◆ Data extract
****************
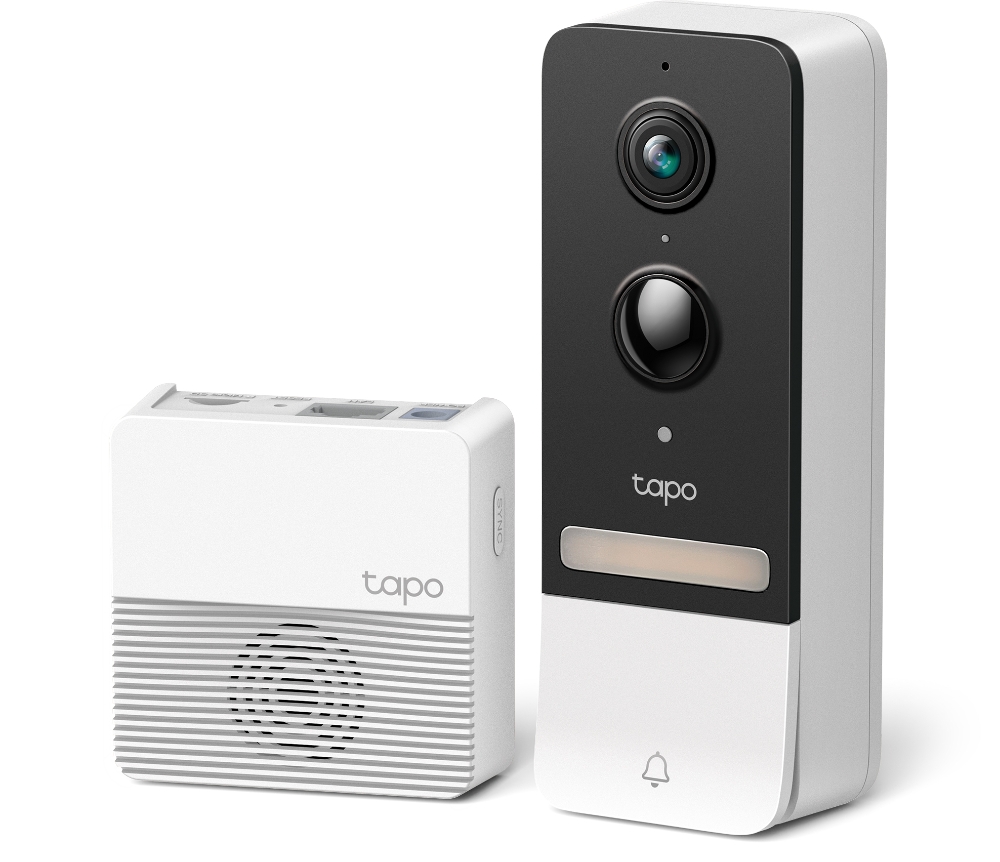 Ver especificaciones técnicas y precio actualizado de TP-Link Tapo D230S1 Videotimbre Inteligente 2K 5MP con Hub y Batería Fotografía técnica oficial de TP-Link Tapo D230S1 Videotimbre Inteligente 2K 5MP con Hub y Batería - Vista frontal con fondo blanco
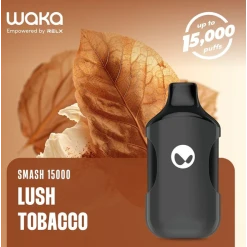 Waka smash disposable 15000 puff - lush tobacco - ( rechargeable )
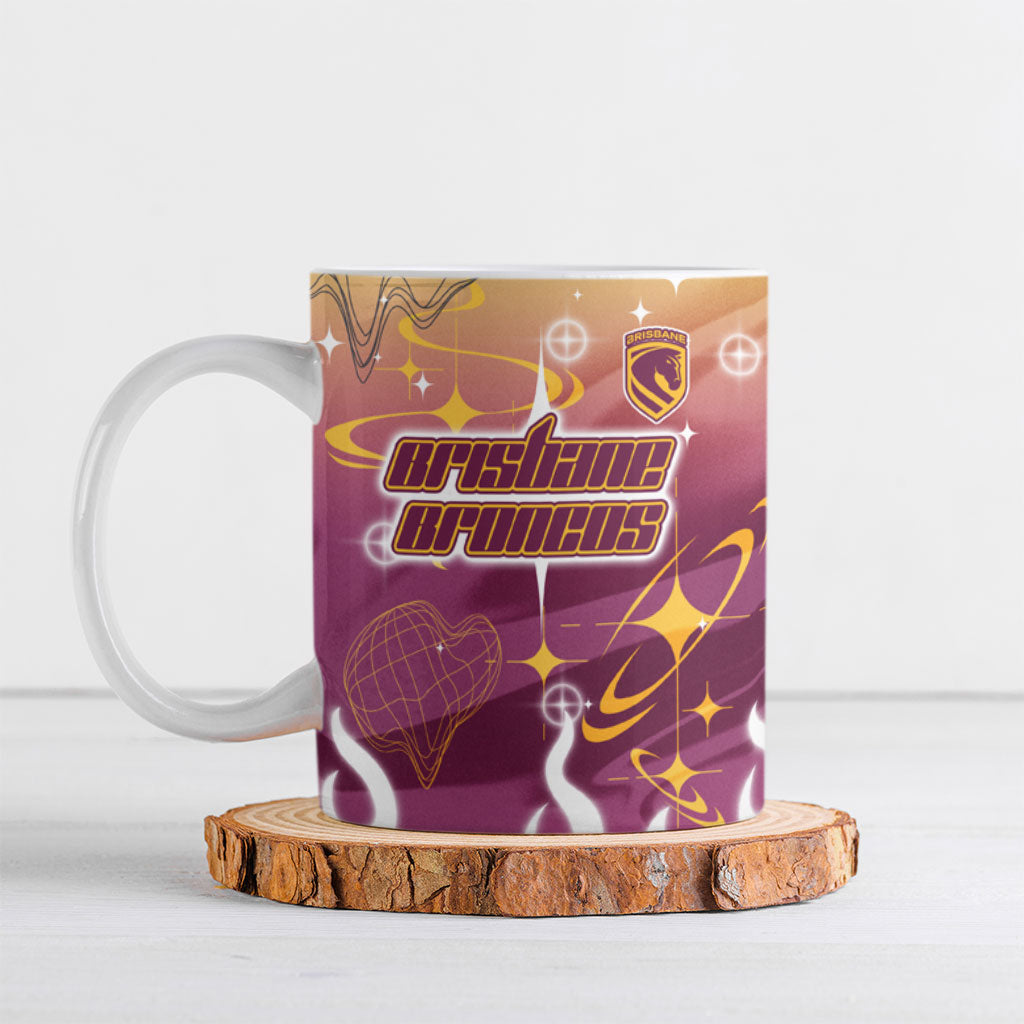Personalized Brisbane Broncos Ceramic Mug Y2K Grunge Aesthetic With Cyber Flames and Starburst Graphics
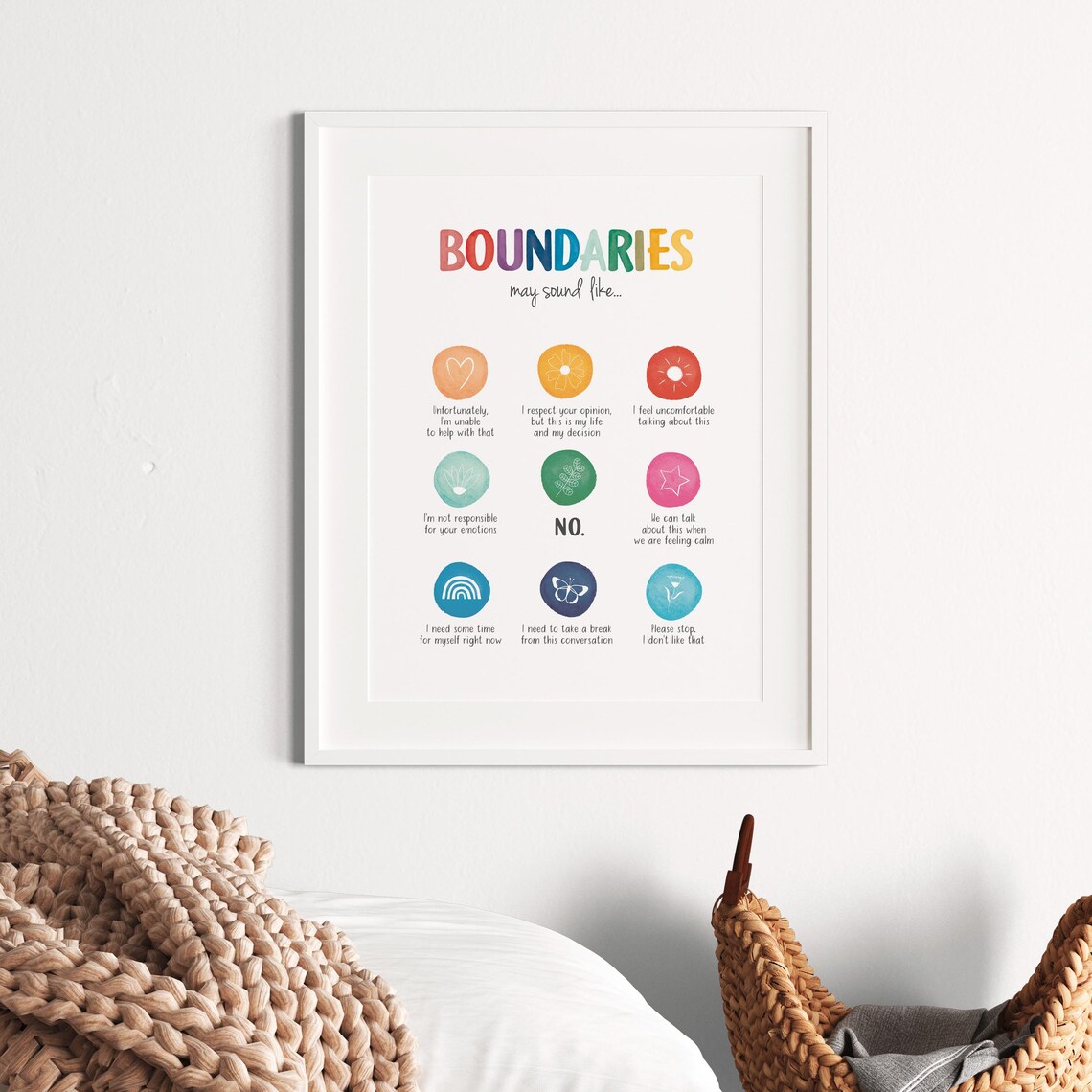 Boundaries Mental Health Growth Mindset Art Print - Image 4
****************
◆ Work instruction
Begin at the first line of the material and copy each line exactly through the one containing "Waka smash disposable". Omit pictures.

◆ Result of the task
 Ver especificaciones técnicas y precio actualizado de TP-Link Tapo D230S1 Videotimbre Inteligente 2K 5MP con Hub y Batería Fotografía técnica oficial de TP-Link Tapo D230S1 Videotimbre Inteligente 2K 5MP con Hub y Batería - Vista frontal con fondo blanco
 Waka smash disposable 15000 puff - lush tobacco - ( rechargeable )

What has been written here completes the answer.